You could say people so take the Roots' greatness for granted that whatever amazing thing they're currently saying or doing exists in a different universe than the one engaging luminaries from Drake to Nicki Minaj to Future to Juice WRLD. Or you could say they aren’t considered great at all. Black Thought is often referred to as an "MC's MC," which by definition means he’s undervalued by the audience. No one doubts Ahmir "Questlove" Thompson is a world-class drummer, but he's treated more as the Dave Grohl of rap, a genial everydude who’s friends with everybody and checks in with a predictable new album every few years. Sure, but only if greatness in itself is boringly predictable.

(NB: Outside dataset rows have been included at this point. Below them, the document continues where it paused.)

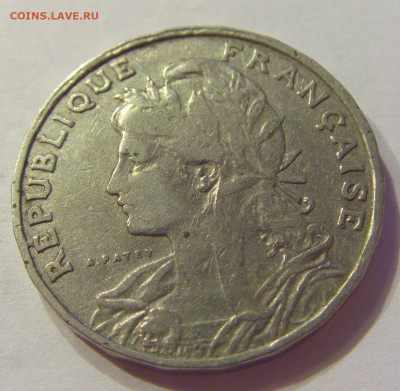 25 сантим 1904 Франция (потертая) №1 03.04.20 22:00 М - CIMG4826.JPG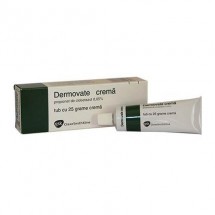 Dermovate crema 0.05 %, 25 g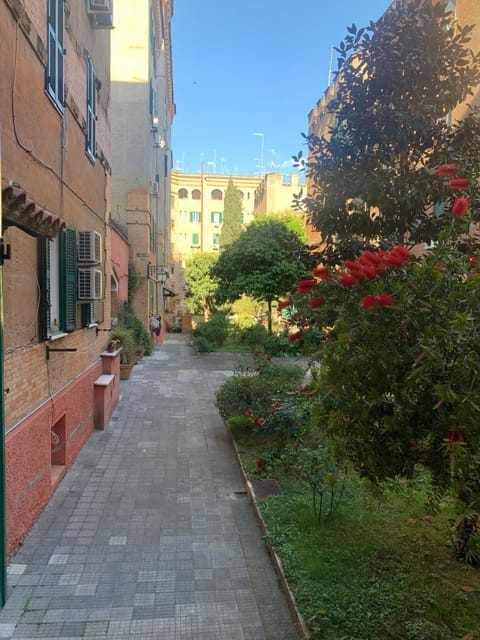 Property building, Spring, Garden view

Things Fall Apart, which just turned 20, is rightfully celebrated as a groundbreaking collection of music; it courted real sales, and had a real hit. "You Got Me," a Jill Scott co-write that Erykah Badu's hook curled around like smoke, won a real GRAMMY in 1999. And 2002's expansive, almost psychedelically varied follow-up, Phrenology, continued the hit streak with "The Seed 2.0," though it was a larger staple of alt-rock stations' playlists than rap ones. And then quietly, respectfully, their next six studio albums were damned with strong reviews and consistent sales in the five-to-six digits without threatening radio or year-end lists ever again. This was particularly unjust for the incredible hot streak of Game Theory, Rising Down, and How I Got Over from 2006 to 2010, but the quality of The Tipping Point, undun, and …And Then You Shoot Your Cousin is also taken for granted.

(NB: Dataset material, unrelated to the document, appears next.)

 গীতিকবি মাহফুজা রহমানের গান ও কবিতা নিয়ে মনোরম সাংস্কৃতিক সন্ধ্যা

Things Fall Apart is not the Roots' masterpiece, but rather the beginning of them making masterpieces. Its unforgettable cover art aside, with two terrified black people fleeing white police on foot, most of the album's depth is musical. Before Genius existed, Questlove was happy to fill the Roots' CD booklets with footnotes to help any listener place the cymbal-heavy opener "Table of Contents (Parts 1 & 2)" as a tribute to the "sloppy tambourine" of Marley Marl and "horrible mixing" of the Jungle Brothers. The drums on "Step Into the Realm" keep fading out as an homage to the breaks our heroes had to loop as kids from the ends of other songs where the only isolated drum sounds they could grab would fade out. The backing track of "Without a Doubt" is built entirely from a sample of their fellow hometown hero Schoolly-D.
Old-school rap was the foundation of Things Fall Apart, down to the back-and-forth mic-trading between Black Thought and Mos Def on "Double Trouble." But the hyper-time drum-and-bass that Questlove lays under the final chorus of "You Got Me," J Dilla's creaky deep-crate jazz on "Dynamite!" and the Jazzyfatnastees' hocketing vocals on "The Next Movement" were all expanding the sonic palates of millennial rap fans. The group embraced their progressivism visually, too, building on the subversive "What They Do" with two more Charles Stone III-directed videos: "You Got Me" remixed Radiohead's infamously open-ended "Just" clip, while the mini visual marvels of “The Next Movement,” rival anything Spike Jonze directed in the '90s.
The album cover and title of the Roots' third album were perhaps better suited to their darker later work, which became crucially political, but at least it established an urgency for the group, one they deserve to get back. Because the true theme song of Things Fall Apart is the centerpiece "Act Too (The Love of My Life)," whose titular inamorata is hip-hop itself, and that song's own music sounded like a successor to "The Cosby Show" theme, which at one time was another example of Philly pride. Making an album about how much you love what you do doesn’t sound like a radical concept, necessarily. But it’s an uplifting one, and when it busts open the doors that permit you to do so much more of it, well, that’s the beginning of a revolution, no?